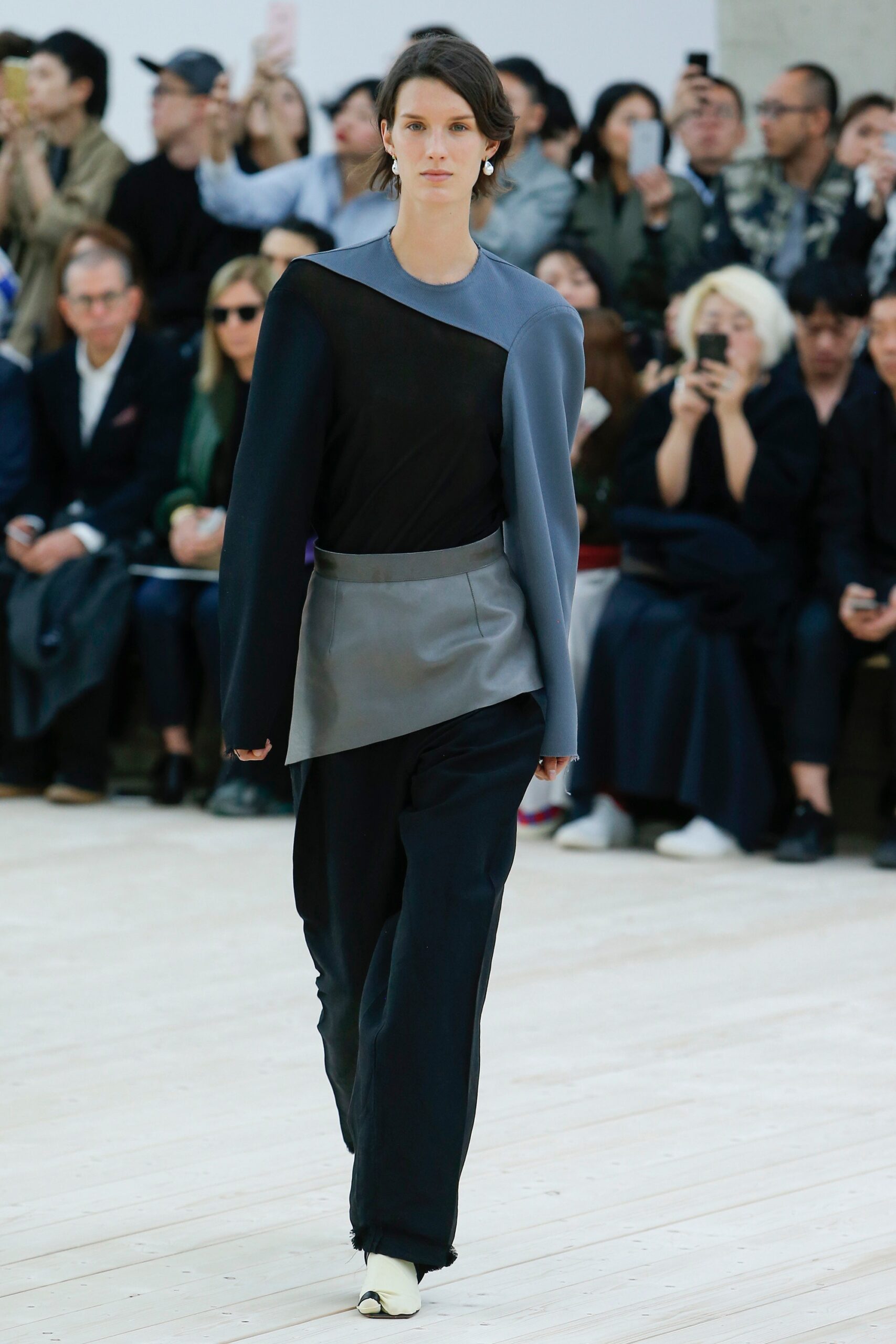 Celine S/S 17 Look 375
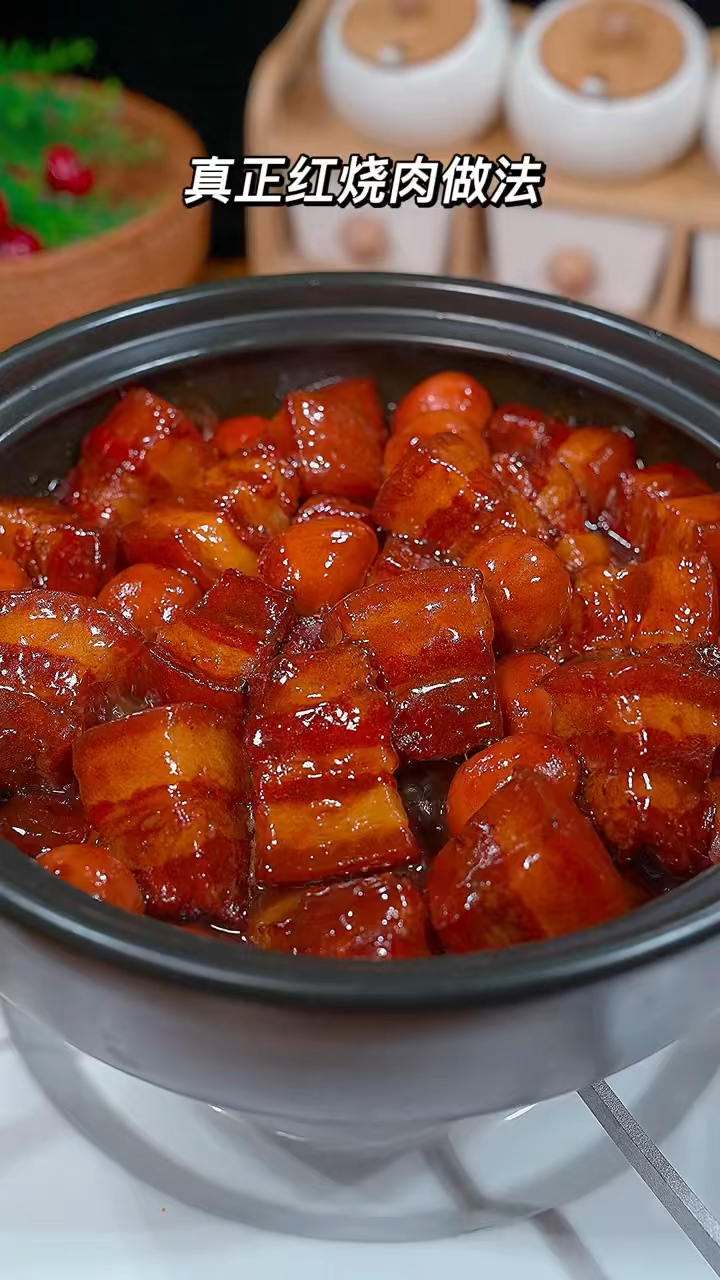 不加一滴水和一滴油,这样做的红烧肉,软烂入味,大人小孩都爱吃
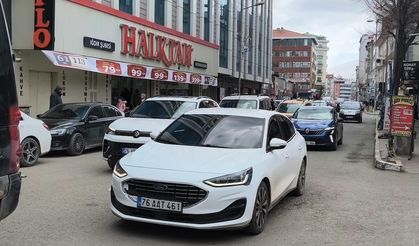 IĞDIR’DA TRAFİK DURMA NOKTASINDA: ADIM ATACAK YER KALMADI!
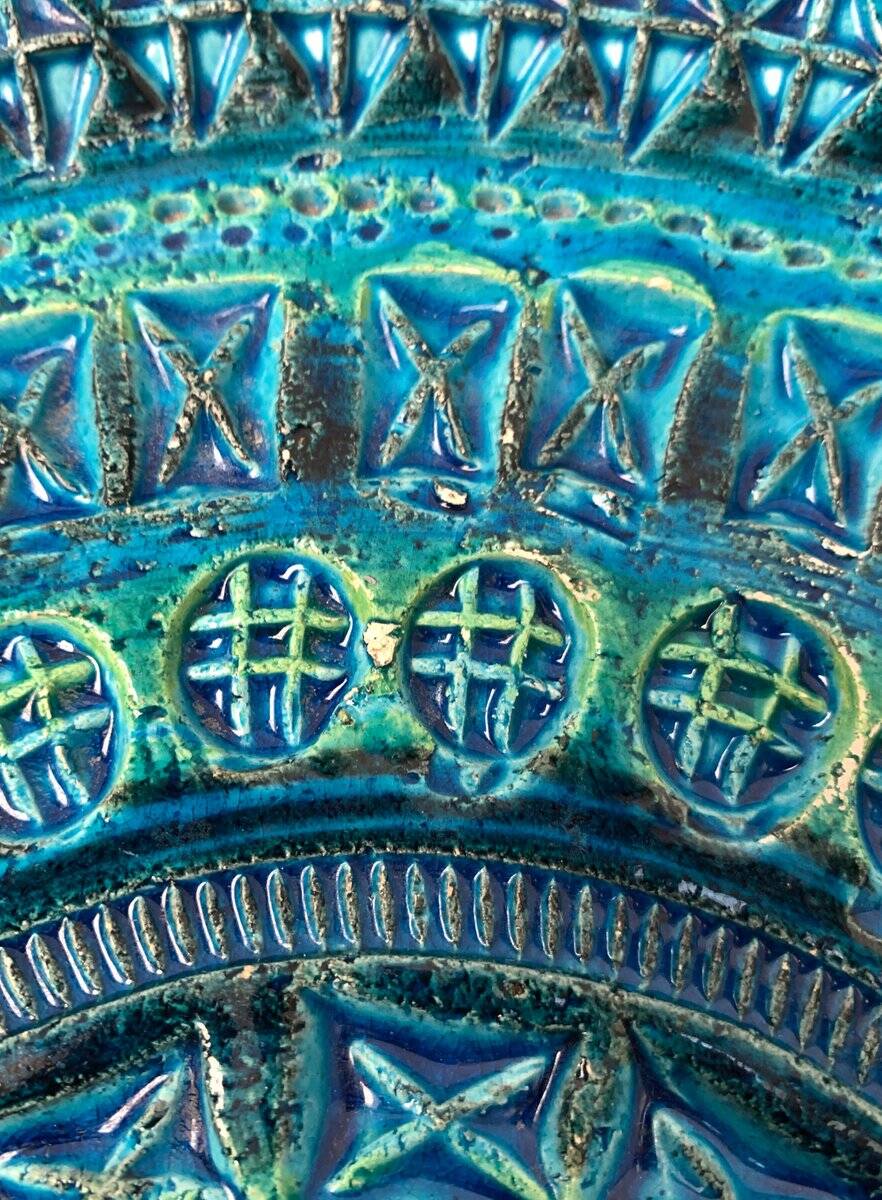 Large Rimini Blue bowl from the mid-century by Aldo Londi for Bitossi.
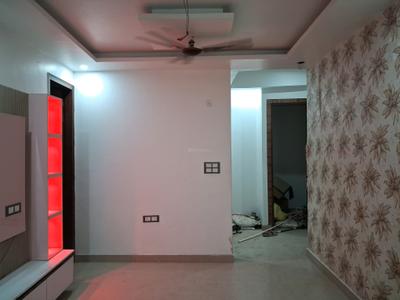 Living Room Image of 917 Sq.ft 2 BHK Apartment / Flat for sale in Sector 74 Noida for Rs. 3895000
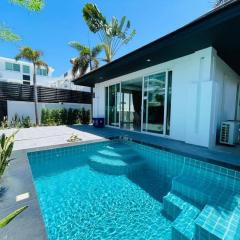 Palm Oasis Pool Villa by Pattaya Holiday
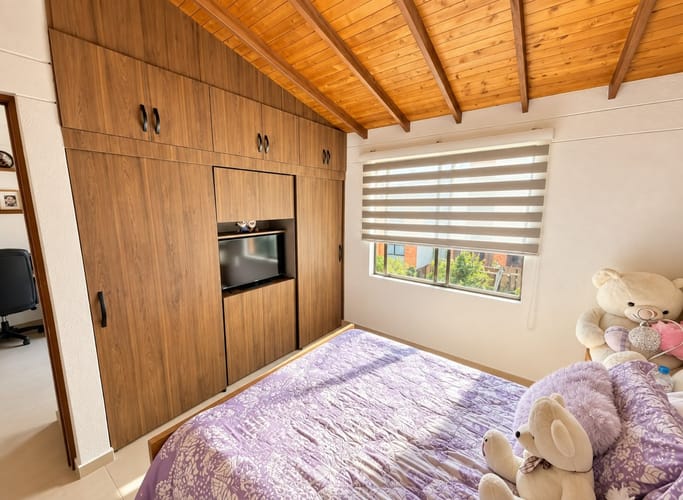 Casa de 3 alcobas en venta en Las Antillas, Envigado, 140 m² · foto 10 de 11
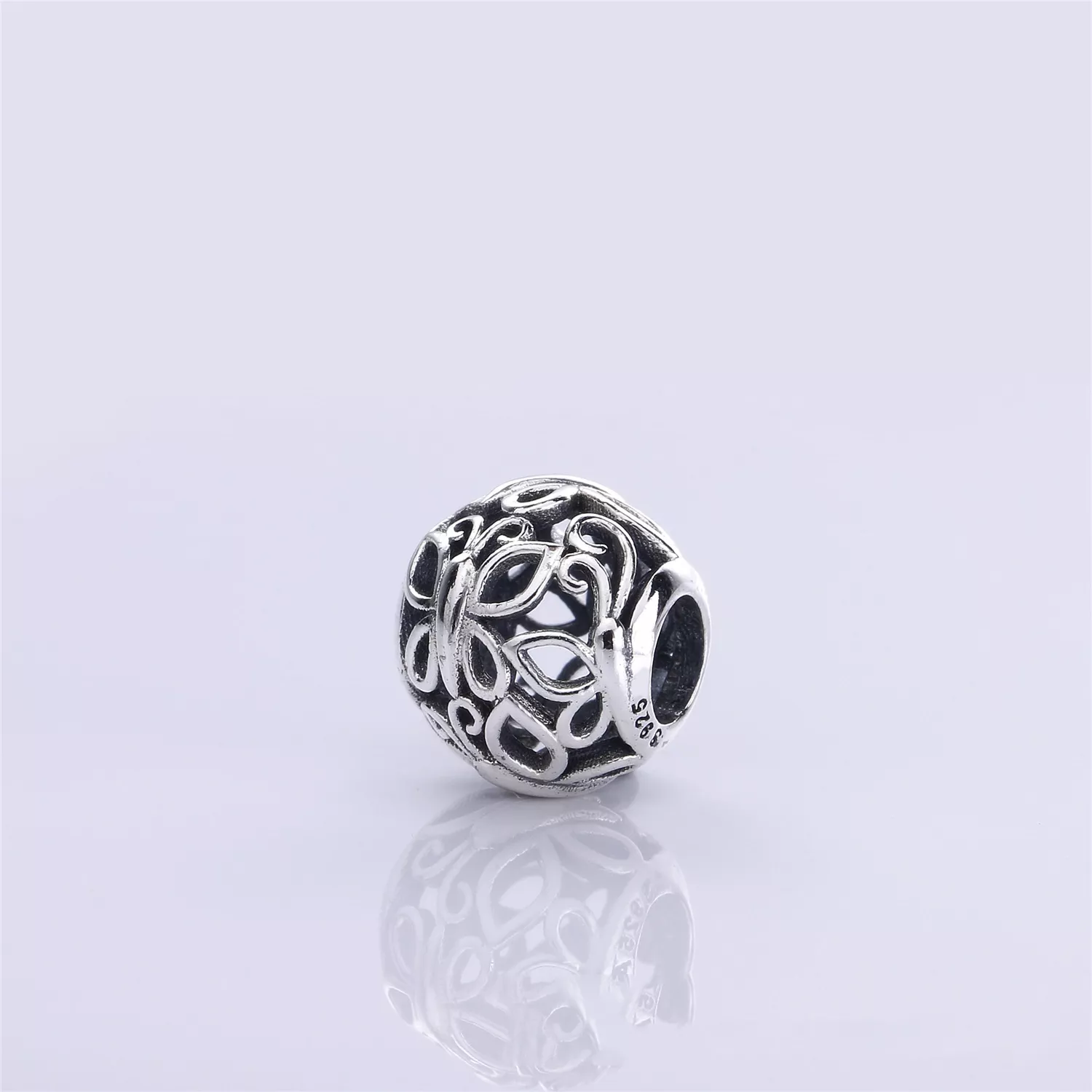 Charm PANDORA de Prata Vazado Borboletas - 790895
^^^^^^^^
ACTION ITEM: Transcribe each entry exactly; images stay out.

TASK RESULT:
 Celine S/S 17 Look 375
 不加一滴水和一滴油,这样做的红烧肉,软烂入味,大人小孩都爱吃
 IĞDIR’DA TRAFİK DURMA NOKTASINDA: ADIM ATACAK YER KALMADI!
 Large Rimini Blue bowl from the mid-century by Aldo Londi for Bitossi.
 Living Room Image of 917 Sq.ft 2 BHK Apartment / Flat for sale in Sector 74 Noida for Rs. 3895000
 Palm Oasis Pool Villa by Pattaya Holiday
 Casa de 3 alcobas en venta en Las Antillas, Envigado, 140 m² · foto 10 de 11
 Charm PANDORA de Prata Vazado Borboletas - 790895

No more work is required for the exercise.